What is expected >>
Print each of the entries exactly, leaving nothing out.

-- Supplied data follows --

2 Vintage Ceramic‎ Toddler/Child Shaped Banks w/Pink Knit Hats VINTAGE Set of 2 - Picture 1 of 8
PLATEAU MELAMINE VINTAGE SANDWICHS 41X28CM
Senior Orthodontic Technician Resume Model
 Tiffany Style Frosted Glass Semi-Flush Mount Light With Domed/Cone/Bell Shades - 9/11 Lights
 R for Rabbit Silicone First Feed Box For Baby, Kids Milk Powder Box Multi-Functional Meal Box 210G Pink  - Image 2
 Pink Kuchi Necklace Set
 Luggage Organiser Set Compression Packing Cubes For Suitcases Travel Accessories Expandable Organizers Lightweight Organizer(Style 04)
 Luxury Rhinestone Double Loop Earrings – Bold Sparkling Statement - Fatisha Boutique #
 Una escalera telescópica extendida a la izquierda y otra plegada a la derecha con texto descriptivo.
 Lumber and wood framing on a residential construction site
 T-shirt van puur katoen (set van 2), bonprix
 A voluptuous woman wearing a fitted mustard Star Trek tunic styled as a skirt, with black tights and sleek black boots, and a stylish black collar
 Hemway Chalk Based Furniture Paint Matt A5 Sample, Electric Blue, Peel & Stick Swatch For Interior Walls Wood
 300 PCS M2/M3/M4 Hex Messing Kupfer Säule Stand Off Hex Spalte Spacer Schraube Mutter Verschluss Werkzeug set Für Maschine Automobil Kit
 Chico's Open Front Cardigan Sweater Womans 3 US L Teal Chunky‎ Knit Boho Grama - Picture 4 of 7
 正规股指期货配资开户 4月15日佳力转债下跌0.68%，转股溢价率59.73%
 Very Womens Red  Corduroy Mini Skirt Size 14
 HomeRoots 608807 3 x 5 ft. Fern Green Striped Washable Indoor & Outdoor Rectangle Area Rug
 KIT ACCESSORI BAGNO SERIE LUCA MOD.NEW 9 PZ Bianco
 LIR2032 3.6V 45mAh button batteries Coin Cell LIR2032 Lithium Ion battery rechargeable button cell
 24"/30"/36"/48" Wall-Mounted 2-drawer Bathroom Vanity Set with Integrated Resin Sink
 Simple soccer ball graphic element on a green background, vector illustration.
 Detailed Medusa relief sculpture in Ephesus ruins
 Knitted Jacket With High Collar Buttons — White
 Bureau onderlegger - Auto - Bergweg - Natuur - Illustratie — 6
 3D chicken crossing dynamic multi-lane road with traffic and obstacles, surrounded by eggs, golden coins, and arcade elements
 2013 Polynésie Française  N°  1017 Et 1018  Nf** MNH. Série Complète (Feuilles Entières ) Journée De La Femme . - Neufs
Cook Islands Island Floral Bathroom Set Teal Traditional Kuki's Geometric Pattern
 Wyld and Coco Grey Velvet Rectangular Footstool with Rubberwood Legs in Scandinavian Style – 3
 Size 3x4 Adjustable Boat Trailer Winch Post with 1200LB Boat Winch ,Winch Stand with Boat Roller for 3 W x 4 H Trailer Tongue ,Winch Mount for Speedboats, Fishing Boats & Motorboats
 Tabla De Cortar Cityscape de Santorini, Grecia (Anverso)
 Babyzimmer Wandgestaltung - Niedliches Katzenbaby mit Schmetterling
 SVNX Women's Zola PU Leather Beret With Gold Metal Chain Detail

-- Supplied data concluded --

Answer to the exercise >>
2 Vintage Ceramic‎ Toddler/Child Shaped Banks w/Pink Knit Hats VINTAGE Set of 2 - Picture 1 of 8
PLATEAU MELAMINE VINTAGE SANDWICHS 41X28CM
Senior Orthodontic Technician Resume Model
 Tiffany Style Frosted Glass Semi-Flush Mount Light With Domed/Cone/Bell Shades - 9/11 Lights
 R for Rabbit Silicone First Feed Box For Baby, Kids Milk Powder Box Multi-Functional Meal Box 210G Pink  - Image 2
 Pink Kuchi Necklace Set
 Luggage Organiser Set Compression Packing Cubes For Suitcases Travel Accessories Expandable Organizers Lightweight Organizer(Style 04)
 Luxury Rhinestone Double Loop Earrings – Bold Sparkling Statement - Fatisha Boutique #
 Una escalera telescópica extendida a la izquierda y otra plegada a la derecha con texto descriptivo.
 Lumber and wood framing on a residential construction site
 T-shirt van puur katoen (set van 2), bonprix
 A voluptuous woman wearing a fitted mustard Star Trek tunic styled as a skirt, with black tights and sleek black boots, and a stylish black collar
 Hemway Chalk Based Furniture Paint Matt A5 Sample, Electric Blue, Peel & Stick Swatch For Interior Walls Wood
 300 PCS M2/M3/M4 Hex Messing Kupfer Säule Stand Off Hex Spalte Spacer Schraube Mutter Verschluss Werkzeug set Für Maschine Automobil Kit
 Chico's Open Front Cardigan Sweater Womans 3 US L Teal Chunky‎ Knit Boho Grama - Picture 4 of 7
 正规股指期货配资开户 4月15日佳力转债下跌0.68%，转股溢价率59.73%
 Very Womens Red  Corduroy Mini Skirt Size 14
 HomeRoots 608807 3 x 5 ft. Fern Green Striped Washable Indoor & Outdoor Rectangle Area Rug
 KIT ACCESSORI BAGNO SERIE LUCA MOD.NEW 9 PZ Bianco
 LIR2032 3.6V 45mAh button batteries Coin Cell LIR2032 Lithium Ion battery rechargeable button cell
 24"/30"/36"/48" Wall-Mounted 2-drawer Bathroom Vanity Set with Integrated Resin Sink
 Simple soccer ball graphic element on a green background, vector illustration.
 Detailed Medusa relief sculpture in Ephesus ruins
 Knitted Jacket With High Collar Buttons — White
 Bureau onderlegger - Auto - Bergweg - Natuur - Illustratie — 6
 3D chicken crossing dynamic multi-lane road with traffic and obstacles, surrounded by eggs, golden coins, and arcade elements
 2013 Polynésie Française  N°  1017 Et 1018  Nf** MNH. Série Complète (Feuilles Entières ) Journée De La Femme . - Neufs
Cook Islands Island Floral Bathroom Set Teal Traditional Kuki's Geometric Pattern
 Wyld and Coco Grey Velvet Rectangular Footstool with Rubberwood Legs in Scandinavian Style – 3
 Size 3x4 Adjustable Boat Trailer Winch Post with 1200LB Boat Winch ,Winch Stand with Boat Roller for 3 W x 4 H Trailer Tongue ,Winch Mount for Speedboats, Fishing Boats & Motorboats
 Tabla De Cortar Cityscape de Santorini, Grecia (Anverso)
 Babyzimmer Wandgestaltung - Niedliches Katzenbaby mit Schmetterling
 SVNX Women's Zola PU Leather Beret With Gold Metal Chain Detail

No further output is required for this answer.